RECORDED DATA section start
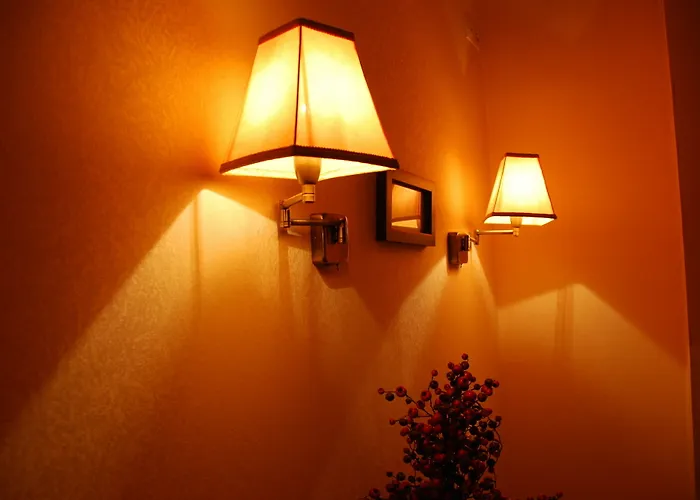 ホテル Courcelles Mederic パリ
RECORDED DATA section end
RECORDED DATA section start
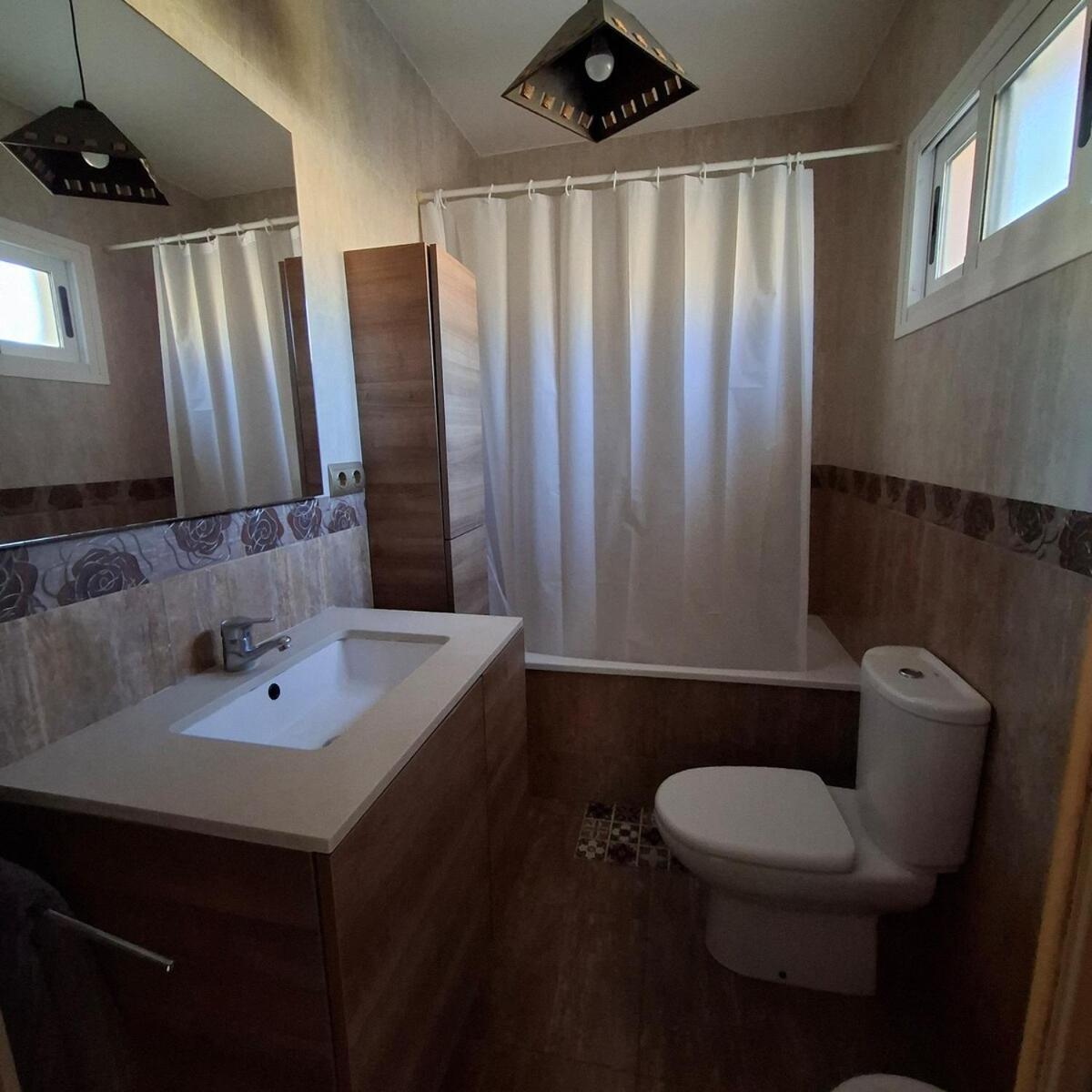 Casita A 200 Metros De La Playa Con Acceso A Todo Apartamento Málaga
RECORDED DATA section end
RECORDED DATA section start
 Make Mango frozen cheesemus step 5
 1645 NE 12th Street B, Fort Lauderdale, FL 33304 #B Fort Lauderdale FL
RECORDED DATA section end
> **WHAT TO WORK ON**:
Repeat, word for word, the lines above between the line holding "Make Mango frozen cheesemus step 5" and the line holding "1645 NE 12th", inclusive; omit everything else.

> **SOLUTION**:
 Make Mango frozen cheesemus step 5
 1645 NE 12th Street B, Fort Lauderdale, FL 33304 #B Fort Lauderdale FL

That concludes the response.